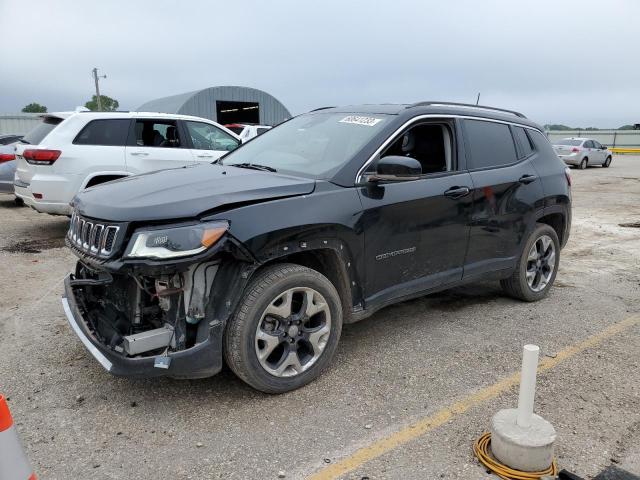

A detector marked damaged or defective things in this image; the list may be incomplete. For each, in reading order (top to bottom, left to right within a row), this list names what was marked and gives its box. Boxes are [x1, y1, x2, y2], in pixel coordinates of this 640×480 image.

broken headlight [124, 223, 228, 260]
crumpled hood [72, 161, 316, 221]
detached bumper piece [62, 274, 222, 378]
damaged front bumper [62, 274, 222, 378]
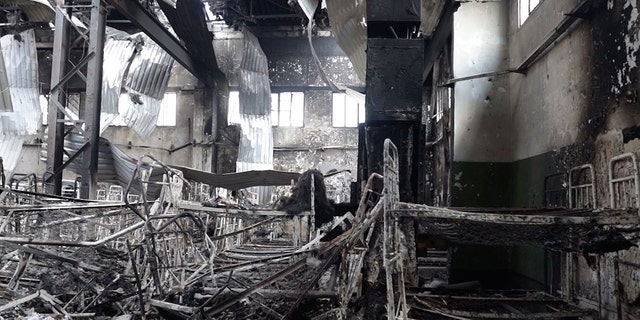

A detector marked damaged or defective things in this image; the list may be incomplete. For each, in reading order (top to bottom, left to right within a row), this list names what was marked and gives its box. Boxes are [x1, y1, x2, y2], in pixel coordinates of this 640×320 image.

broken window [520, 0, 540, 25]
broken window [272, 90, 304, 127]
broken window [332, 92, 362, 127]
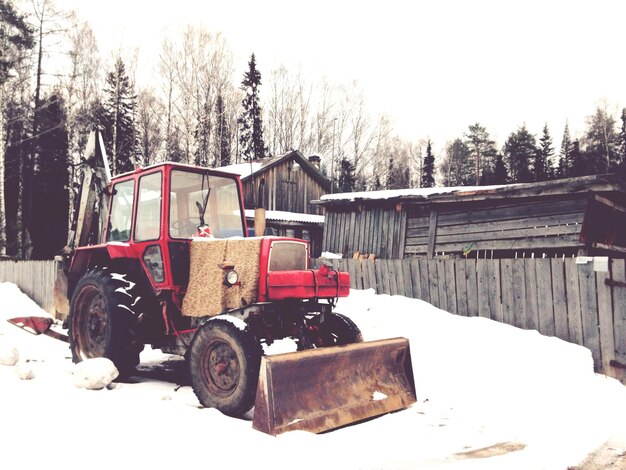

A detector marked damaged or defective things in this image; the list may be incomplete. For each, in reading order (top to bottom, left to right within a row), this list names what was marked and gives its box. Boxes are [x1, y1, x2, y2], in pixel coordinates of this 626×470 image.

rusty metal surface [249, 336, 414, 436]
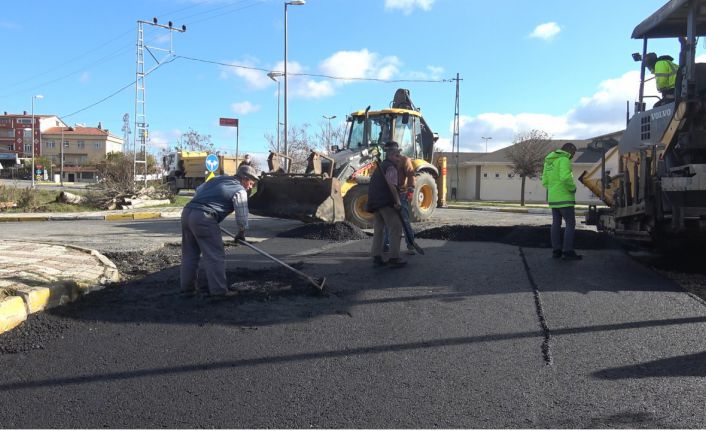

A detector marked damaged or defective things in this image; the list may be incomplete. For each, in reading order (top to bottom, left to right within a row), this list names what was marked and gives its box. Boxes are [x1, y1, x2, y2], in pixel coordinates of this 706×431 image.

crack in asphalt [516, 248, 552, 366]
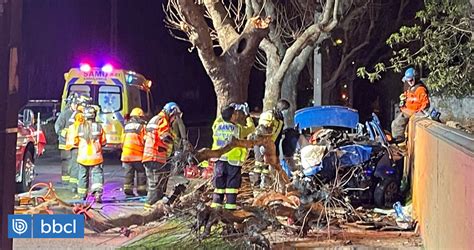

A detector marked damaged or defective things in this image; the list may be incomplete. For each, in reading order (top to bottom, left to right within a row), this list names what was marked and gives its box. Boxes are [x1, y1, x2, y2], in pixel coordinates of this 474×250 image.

> **YOUR OBJECTIVE**
Each line from the one containing "this 640×320 image." through the last line of the data should be written out exactly. Skip the pictures, and add no other lines.

> **YOUR RESPONSE**
A detector marked damaged or defective things in this image; the list may be incomplete. For each, in reading order (top to bottom, left to right within a row), this list names what was marked and gives its box. Boxes are [x1, y1, x2, y2], in pixel coordinates of this 640×320 image.

broken window [520, 0, 540, 25]
broken window [272, 90, 304, 127]
broken window [332, 92, 362, 127]

A detector marked damaged or defective things in this image; the list may be incomplete. For each, in reading order (top to bottom, left to right within a row), this list names what was marked and gives its box. Boxes are [x1, y1, x2, y2], in pixel coordinates of this 626×470 image.

rusty metal surface [249, 336, 414, 436]

A detector marked damaged or defective things in this image; the list may be incomplete. For each, in reading order (top to bottom, left to right within a row), this list names what was marked and gives its box. Boxes are [x1, y1, x2, y2], in pixel coordinates of this 706×431 image.

crack in asphalt [516, 248, 552, 366]

A detector marked damaged or defective things in this image; the list may be incomplete. For each, in reading order (top to bottom, left to right within a row), this list names what was marked and gives its box. Boxes are [x1, y1, x2, y2], in pixel coordinates of this 474×250 image.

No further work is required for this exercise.